Points-per-game Ratios
How about some more complex reasoning? Can the LLM handle that?
qa_chain.invoke({"question": "What are the points per game values for each team and how does that compare to their league position?"})
Based on the provided data, the points per game values for each team are as follows:
- Stockport County: 1.976
- Wrexham: 1.837
- Mansfield Town: 1.810
- Milton Keynes Dons: 1.721
- Crewe Alexandra: 1.628
- Barrow: 1.634
- Crawley Town: 1.548
- AFC Wimbledon: 1.442
- Walsall: 1.476
- Doncaster Rovers: 1.452
- Notts County: 1.310
- Newport County: 1.279
- Accrington Stanley: 1.286
- Tranmere Rovers: 1.186
- Swindon Town: 1.190
- Salford City: 1.093
- Grimsby Town: 1.024
- Sutton United: 0.907
- Colchester United: 0.927
- Forest Green Rovers: 0.837
From the data, it can be observed that Stockport County has the highest points per game value and is in the first position. On the other hand, Forest Green Rovers has the lowest points per game value and is in the last position. Generally, there is a correlation between the points per game value and the league position, with teams having higher points per game values tending to be in higher positions in the league standings.

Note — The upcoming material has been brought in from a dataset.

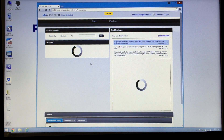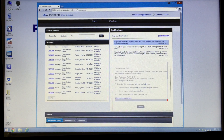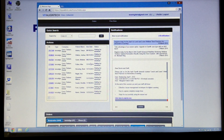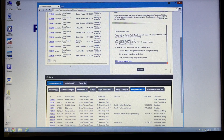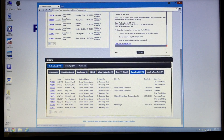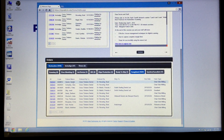I clicked on the web browser and it pulls up my Align Tech website, which is the mycadent.com website. We'll scroll down to which case we want — in this case the patient's name is Dexter Dental.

I’m pretty happy with that.
Conclusion
I was surprised by two things: firstly that this seemed so easy; and secondly that no-one had provided an example already.
Overall the LLM performed well, in this case gpt-4
through OpenAI. I found that the SQL generation could be flaky at times, mainly due to the flavour of SQL that DuckDB expects. The LLM struggled in general when the columns contained spaces, despite amending the prompt to use single quotes for column names rather than backticks.
It will be interesting to see how this performs at scale, and on more complex datasets.